December 13, 2011 11:42 am | Updated 11:42 am IST - COIMBATORE:

Underground drainage scheme work in progress on Gokulam Street in the city on Wednesday. Photo:M. Periasamy.

Underground drainage scheme work in progress on Gokulam Street in the city on Wednesday. Photo:M. Periasamy.

As the Coimbatore Corporation Mayor and Commissioner take off to New Delhi to attend a conference on the eve of the sixth year of the implementation of the Jawaharlal Nehru National Urban Renewal Mission, things on the ground are not all that good.

Almost all the projects the Corporation is implementing with funds under the Central Government-funded scheme remain incomplete even after pushing the deadline more than once. Pilloor Phase II and underground drainage projects are a case in point.
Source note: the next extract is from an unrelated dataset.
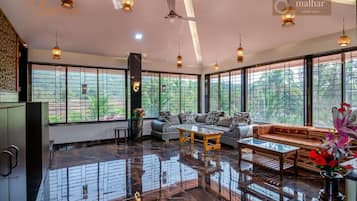 Luxury Villa | Living area | Flat-screen TV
A study conducted by the citizens' technical committee on JNNURM identifies the disconnects between city development plan and the urban local body, and the city development plan and the detailed project report as some of the problems in the implementation of the projects.
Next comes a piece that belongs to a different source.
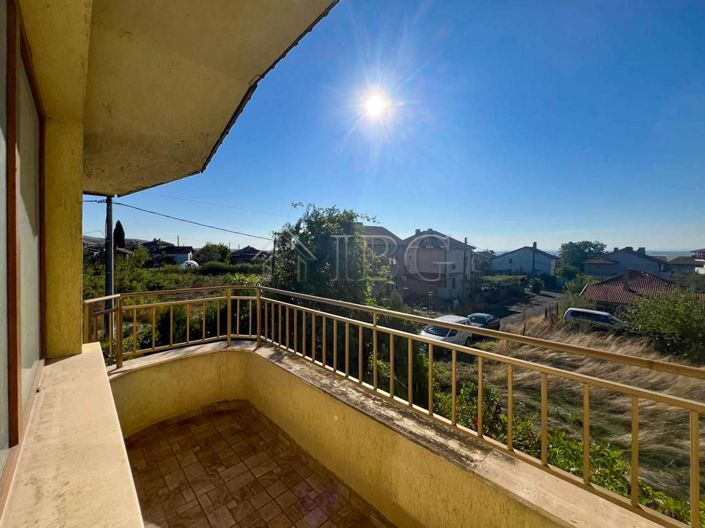 Image No.5-Maison de 4 chambres à vendre à Burgas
This cannot be truer for Coimbatore, says S. Baskar, a member of the citizens' technical advisory committee, which oversees implementation of JNNURM projects.

“The city development plan prepared for Coimbatore does not entirely reflect its needs. This is because it has been prepared by consultant hired for the purpose with very minimum or no involvement of the stakeholders, the city's residents.”
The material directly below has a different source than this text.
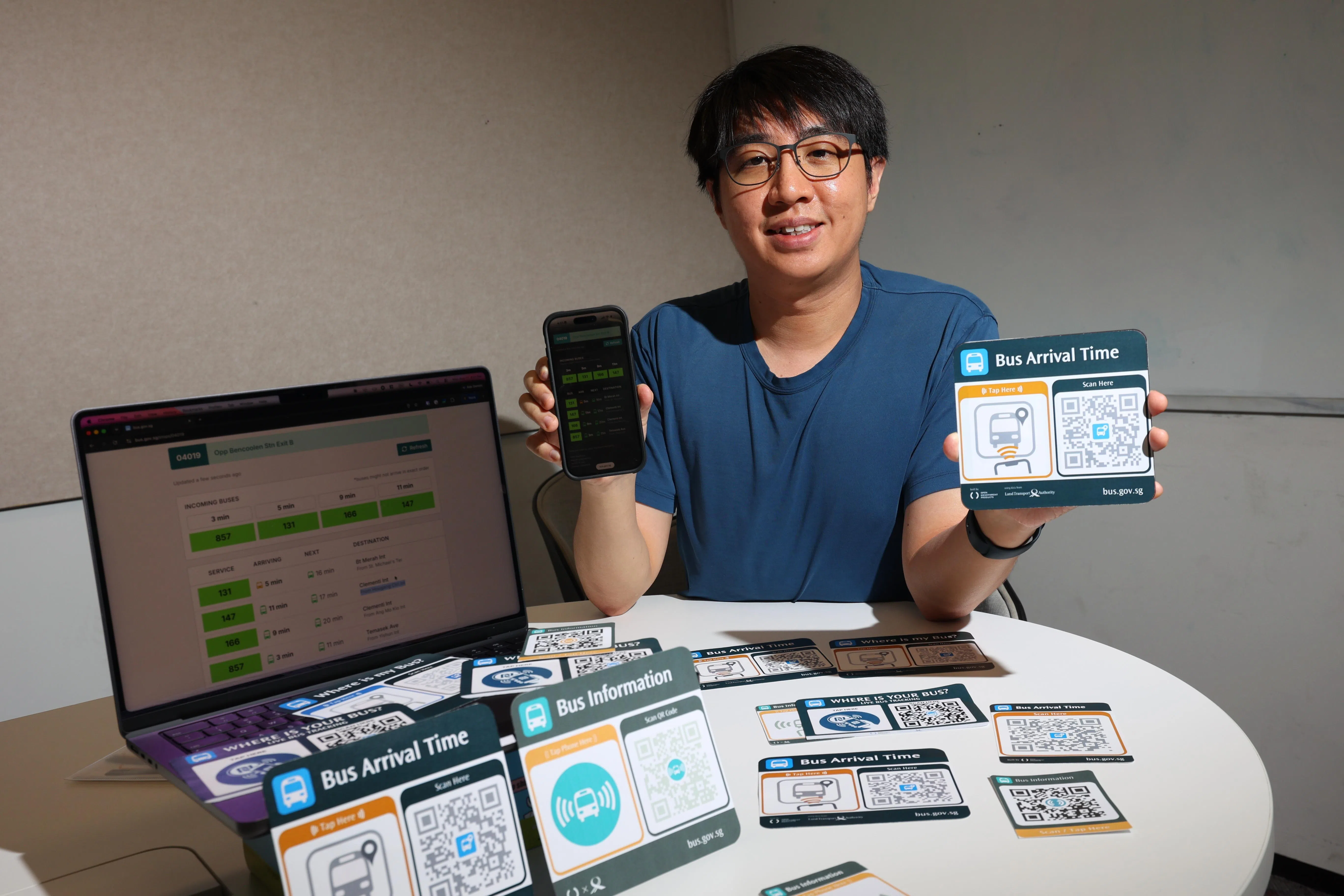 政府开源科技部正在测试近场通信（NFC）功能，乘客日后只需用手机轻触图中的黄色标签，就能立即获取巴士到站信息。政府开源科技部高级软件工程师林奕川说，为防止标签信息被篡改，其中一项方案是采用较坚固的硬质塑料，并嵌入加密签名技术。（何家俊摄）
“The same charge holds good for the city development plan – detailed project report disconnect as well.”

JNNURM, as the Central Government envisaged six years ago, is a policy-driven, outcome-focussed, mission-mode programme with reforms as an additional objective.

This means that the projects, programmes the Corporation design should confirm to the Government policy – national policy on urban transport, national policy on drinking water, etc.

Policy

For this to happen, the Corporation has to have a policy for Coimbatore, Mr. Baskar says and asks, “Is there such a policy?”

Outcome-focussed implies that projects are no longer assessed based on money spent but whether they have achieved the stated objectives and brought about the declared impact.

By this yardstick, none of the projects the Corporation has implemented fits the bill, he says.

Compared to many JNNURM mission cities, Coimbatore fares rather poorly.

In the last five years, the city has implemented only five projects worth Rs. 873 crore, says the citizens' technical committee report.

Ahmedabad has executed 25 projects worth Rs. 2,316 crore, Pune 20 projects worth Rs. 3,420 crore, Surat 25 projects worth Rs. 1,818 crore and Mysore eight projects worth Rs. 1,084 crore.

Mr. Baskar says Ahmedabad after implementing the bus rapid transit system project has now gone in for mass rapid transit system project. Such is the progress the cities have made.

For Coimbatore Corporation to make mends, implement the projects in time and make a fresh start, he suggests that it should appoint the right people like city planners, project management experts, involve residents in every stage of the project, fix responsibility at every level and have an open, transparent administration.

If done so, it can avoid problems such as flooding on streets that have storm water drains, as is the case now.